Le socialisme écologique est donc avant tout une politique du travail. Il est faux de penser que l’emploi doive être sacrifié sur l’autel de la transition écologique. Au contraire, il n’y a de politique écologique réaliste et socialement acceptable que si elle pose comme principe, non seulement la nécessité socio-économique, mais encore la valeur du travail. D’un côté, une politique de l’emploi qui assure non seulement la subsistance, mais surtout l’intégration sociale des individus, sera indispensable pour que la société tienne face aux tensions que produira inévitablement la transition écologique. D’un autre côté, une politique socialiste est aussi une réponse à la dégradation environnementale, car les déséquilibres sociaux caractéristiques du capitalisme mondialisé et financiarisé procèdent largement des mêmes causes que celle-ci. La mise en concurrence des économies mondiales conduit au moins disant écologique et social et à la déresponsabilisation des acteurs économiques. Que la chaîne de production d’une paire de basket soit dispersée entre une dizaine de pays en fonction du coût des salaires et des matériaux, n’est logique que du point de vue des acteurs financiers : du point de vue social et environnemental, c’est une absurdité. Mettre un terme à la mondialisation libérale, c’est-à-dire à l’éclatement des chaînes de valeur et à l’absence de normes sociales et environnementales dans les règles du commerce international, s’avère la condition d’une véritable transformation écologique fondée sur une politique sociale émancipatrice.
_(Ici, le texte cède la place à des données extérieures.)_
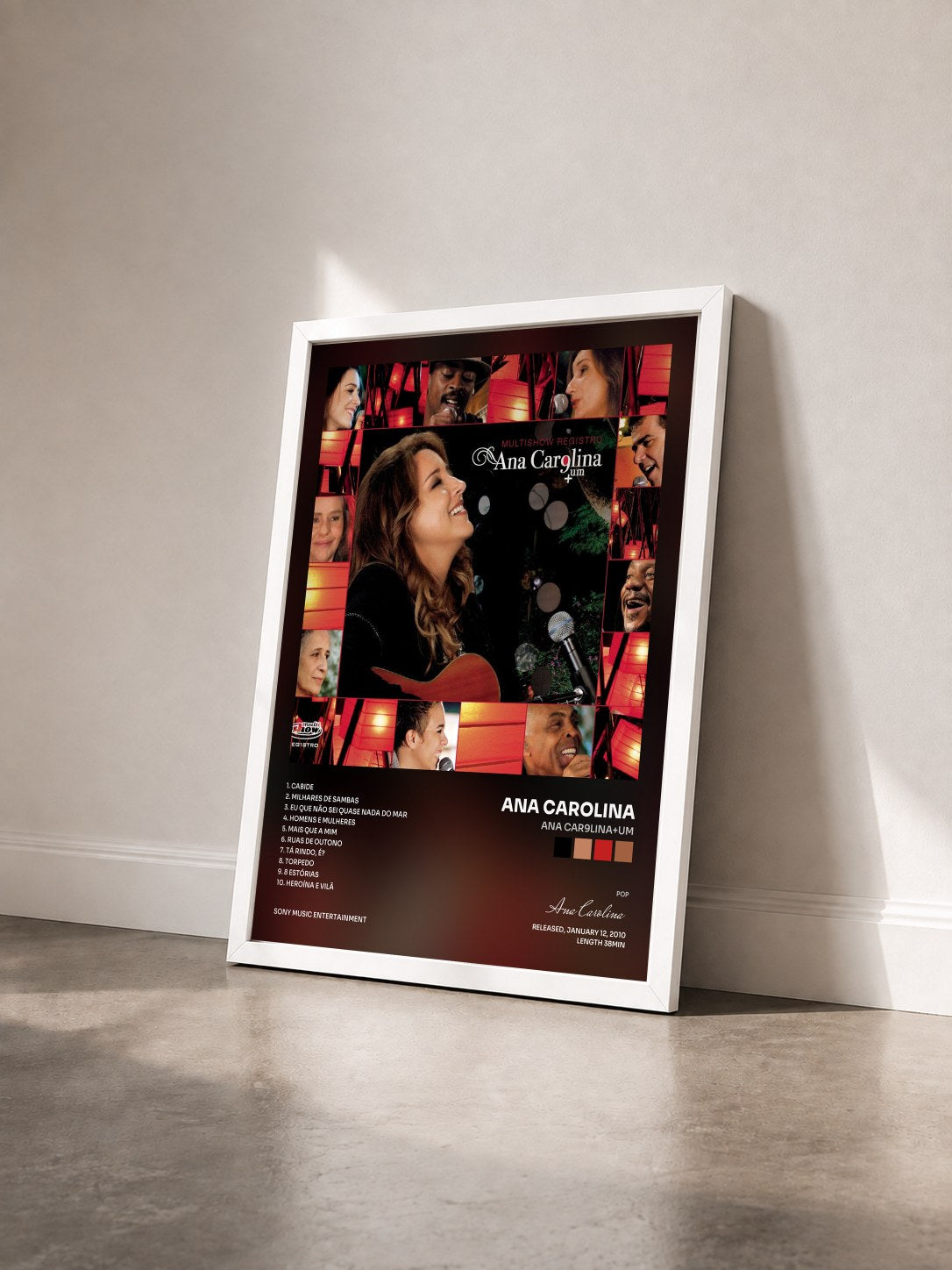 #blanc Tableau de l'album Ana Car9lina+um de Ana Carolina vu de trois quarts, cadre blanc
La relocalisation d’une part importante de l’industrie, c’est bien sûr la réduction des émissions de carbone liées à l’éclatement géographique de la production. Mais la relocalisation, c’est aussi créer de nombreux emplois en France et en Europe, mettre un terme à la spirale du chômage de masse et contrôler avec transparence l’impact environnemental et humain de la production (comme nous le rappelle le drame du Xinjiang), ce qui ne peut être le cas lorsqu’elle est délocalisée. De ce point de vue, l’Union Européenne a vocation à devenir une puissance diplomatique qui protège l’emploi de ses citoyens. Des politiques publiques écologiques devront donc soutenir l’investissement et l’emploi industriel en France et en Europe, et s’accompagner de taxes carbones sur tous les biens produits en dehors de l’Union Européenne quand ils pourraient l’être en son sein. L’État devra également accompagner les collectivités locales dans le soutien aux « circuits courts » alimentaires, afin de permettre la reconstitution de ceintures maraîchères autour des grandes agglomérations, ce qui limiteraient les transports routiers de denrées vivrières. Bien entendu, la relocalisation industrielle est un programme extrêmement ambitieux, dont la réalisation demandera une forte mobilisation des services de l’État et des entreprises privées. Mais c’est une ambition qui a pour elle le bon sens et la nécessité.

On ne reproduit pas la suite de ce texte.